Memorabele toespraken II: spreekpraktijken en effecten van retentietechnieken

Het is belangrijk dat sprekers weten hoe hun toespraak beter onthouden wordt. Na de uiteenzetting van veel geadviseerde retentietechnieken in deel I, gaat dit tweede deel in op de spreekpraktijk en effecten van deze technieken. Wat kunnen we leren van de praktijk van groepen ervaren sprekers? Welke van de retorische retentieadviezen worden echt gebruikt in toespraken van onderzoekers en politici en in succesvolle TED-talks? En wat zijn de effecten van drie veel geadviseerde retentietechnieken?

Gebruik van retentietechnieken in drie spreekpraktijken: onderzoekers, politici en TED-sprekers

Het is de moeite waard om te zien hoe retentieadviezen in verschillende spreekpraktijken worden toegepast. Wackers (2021) onderzocht presentatie- en speechteksten van drie verschillende soorten sprekers – onderzoekers in wetenschappelijke congrespresentaties, politici tijdens de Algemene Politieke Beschouwingen in de Tweede Kamer en populaire TED-sprekers tijdens hun TED-talks (zie voor een beknopt overzicht van deze studie Wackers, De Jong & Andeweg, 2016). Deze sprekers hebben te maken met retorische situaties die verschillen in speechdoelen, publiekssoorten en presentatiecontext. Zo is het belangrijkste doel van onderzoekers informeren, beogen politici met name te overtuigen en willen TED-sprekers vooral inspireren.

In deze toespraken analyseerde Wackers zeven veel geadviseerde retentietechnieken die goed te detecteren waren in de speechteksten. Visualisatietechnieken werden buiten beschouwing gelaten. Vijf geselecteerde technieken zijn gerelateerd aan organisatie (partitio, aankondiging van het slot, cirkeltechniek, samenvatting en overgangszin/transitie); twee technieken zijn voornamelijk verbonden aan elaboratie (anekdote en verschillende vraagfiguren).

Technieken die nog niet besproken zijn in het eerste deel van dit tweeluik (Memorabele toespraken I) lichten we hier kort toe. Met een partitio geven sprekers in de inleiding een overzicht van de inhoud en/of structuur van van de presentatie; met overgangszinnen of transities kondigen sprekers nieuwe kernunten aan of bouwen ze bruggetjes tussen kernpunten. Vraagfiguren verdelen we in vier soorten: retorische vragen (het antwoord zit in de vraag besloten, spreker verwacht geen direct antwoord), directe vragen (de spreker verwacht een antwoord van (iemand uit) het publiek), subiectio’s (spreker werpt een vraag op en beantwoordt deze zelf) en quaestio’s (een reeks van minimaal twee vragen achter elkaar) – zie Braet (2007) en Fahnestock (2011).

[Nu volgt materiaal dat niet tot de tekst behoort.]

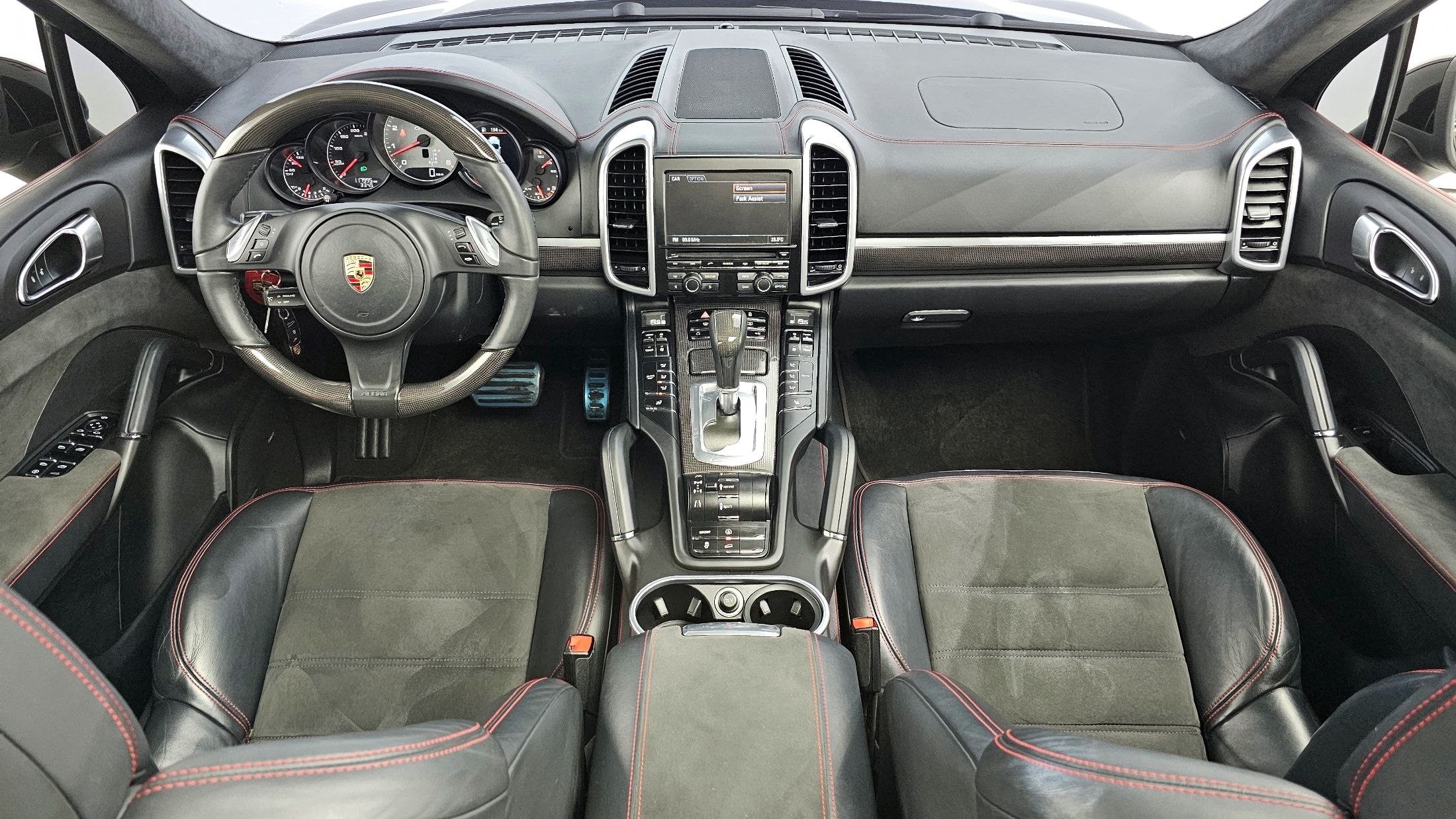 PORSCHE CAYENNE 2012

De toegepaste retentietechnieken variëren in de praktijk qua inhoud, lengte en stijlkenmerken. Zoals een chef-kok het juiste evenwicht zoekt tussen ingrediënten van een gerecht, zo moeten sprekers een evenwicht vinden tussen het doel van hun presentatie, de retorische technieken die ze overwegen te gebruiken en andere variabelen in de retorische situatie. Onderzoekers, politici en TED-sprekers lijken dan ook verschillende voorkeuren voor (varianten van) de onderzochte retentietechnieken te hebben.

Onderzoekers

In overeenstemming met hun informatieve doel selecteren de onderzoekers voornamelijk organisatietechnieken. Ze gebruiken meer partitio’s, overgangszinnen, aankondigingen van het slot en samenvattingen dan de politici en TED-sprekers. Onderzoekers gebruiken meestal structuurmarkeerders om de organisatietechnieken te benadrukken. De cirkeltechniek, die vaak minder expliciet de nadruk legt op de presentatiestructuur, was minder populair bij deze groep sprekers.

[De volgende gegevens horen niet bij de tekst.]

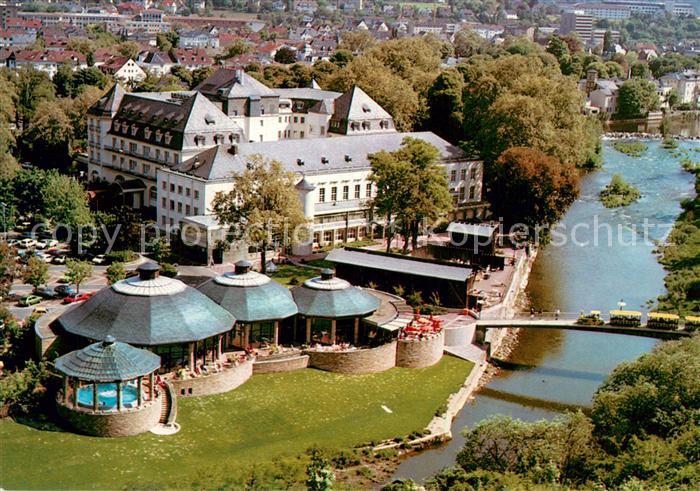 Bad Kreuznach aeltestes Radon Solbad der Welt Nahe Crucenia Kurthermen Steigenbe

Onderzoekers passen elaboratietechnieken niet zo vaak toe als politici en TED-sprekers. Van de verschillende soorten vragen die onderzocht zijn, hadden onderzoekers de voorkeur voor de zogenaamde ‘subiectio’ (een vraag stellen en deze direct zelf beantwoorden); dit type vraag kan naast zijn elaboratieve functie ook ingezet worden voor structuurdoeleinden, als een soort overgangszin.

De voorkeur van onderzoekers voor expliciete organisatietechnieken kan op enkele manieren worden verklaard, gezien de retorische situatie. Ten eerste hechten ze waarschijnlijk belang aan retentie vanwege hun intentie om te informeren. Daarnaast hangt het gebruik van structuurmarkeerders mogelijk samen met het presentatieonderwerp; onderzoekers staan soms bijvoorbeeld uitgebreid stil bij een complexe onderzoeksmethode. Daarnaast zijn onderzoekers ‘sprekende professionals’, wat betekent dat ze hun presentatie mogelijk niet nauwgezet hebben kunnen voorbereiden en minder geneigd zijn technieken toe te passen die getuigen van vakmanschap en een gepolijste stijl (zoals een anekdote).

Politici

De politici selecteren retentietechnieken die passen bij hun belangrijkste doel (overtuigen). Ze prefereren elaboratietechnieken boven expliciete organisatie-technieken; ze stellen veel vragen, meestal met het doel om elaboratie te stimuleren, bijvoorbeeld door de ‘quaestio’ (een vragenreeks) toe te passen. Het corpus politieke speeches bevat enkele lange quaestio’s (opstapelingen tot soms tien vragen) die gericht lijken op het versterken van emoties (een pathos-effect, zie Fahnestock, 2011: 299).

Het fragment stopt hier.